More prominent, though, is the influence of cask ageing and finishing. “Different types of oak from different continents and regions will also produce different flavours,” he adds. “And then there’s the fill – a sherry cask will produce a radically different flavour to a Port cask. Different types of sherry, being the world’s most diverse wine, will produce different flavours on top of that. Whisky in fino will be fresh and apple-y, Pedro Ximenez will give raisins and chocolate.”
Spice tends to be produced either at the end of the distillation process – decreasing reflux means heavier, thicker flavours, which tend to be spicy – or in the casks, Hastings says. “Different casks can help develop those spicy flavours,” he says. “Casks that have had more than one fill tend to produce spicier qualities, because you’re getting past the initial sweet vanillins you see in newer wood and any residual liquid from a first fill sherry or a first-fill bourbon cask.”
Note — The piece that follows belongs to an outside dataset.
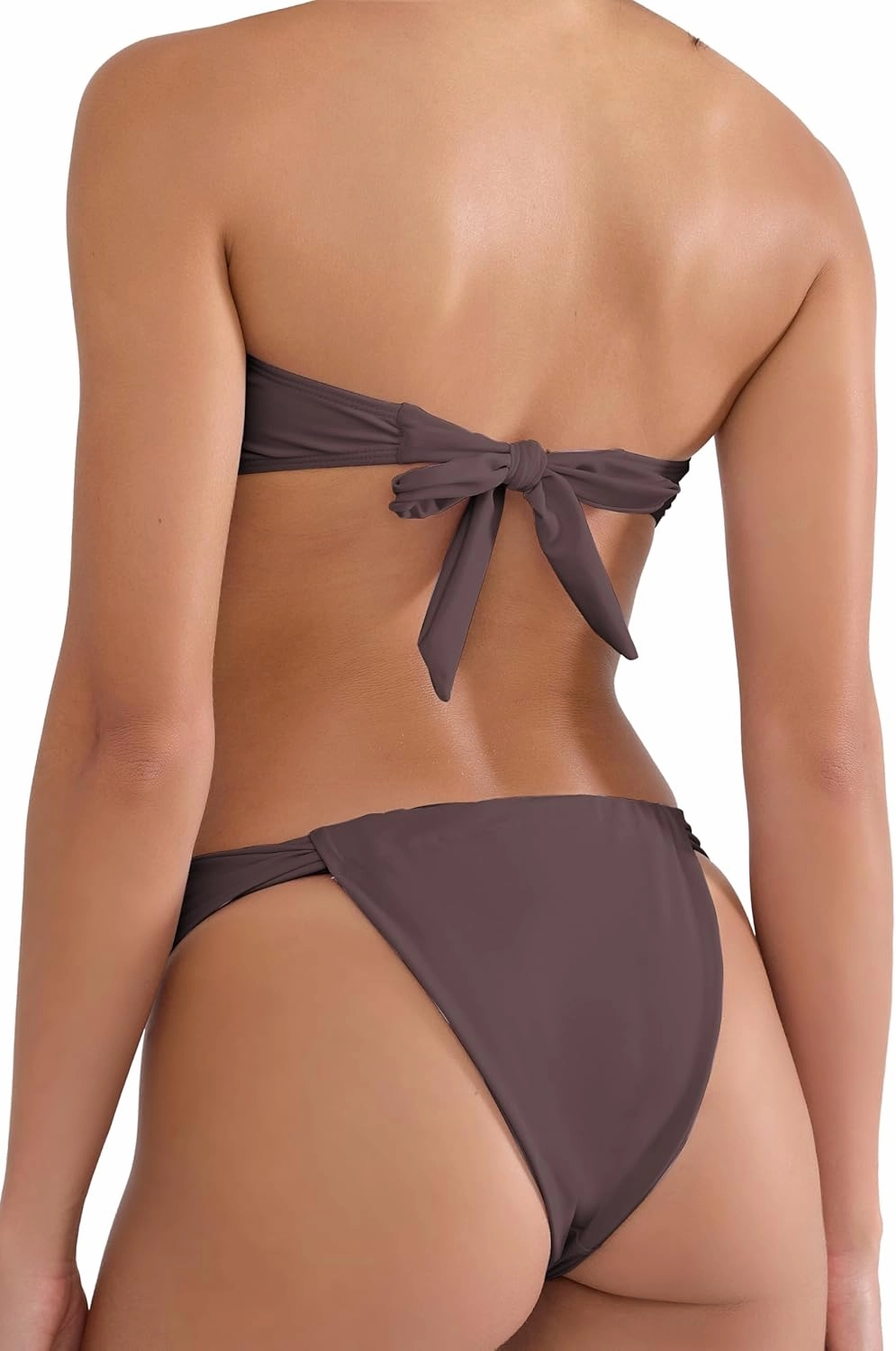 Women's Bandeau Strapless Bikini Sets Sexy Brazilian Swimsuits 2 Pieces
The peating process occurs right at the beginning of the process, when you’re essentially smoking the malted barley dry. The smokiness of a whisky is measured in ‘phenolic parts per million’ (known as PPM), which starts high and decreases rapidly throughout the rest of the distillation process. “You’ll lose some in the mashing stage, distillation loses a tonne depending on the type of stills, and then during maturation – especially in older whiskies – you’re constantly losing smoke,” Hastings explains.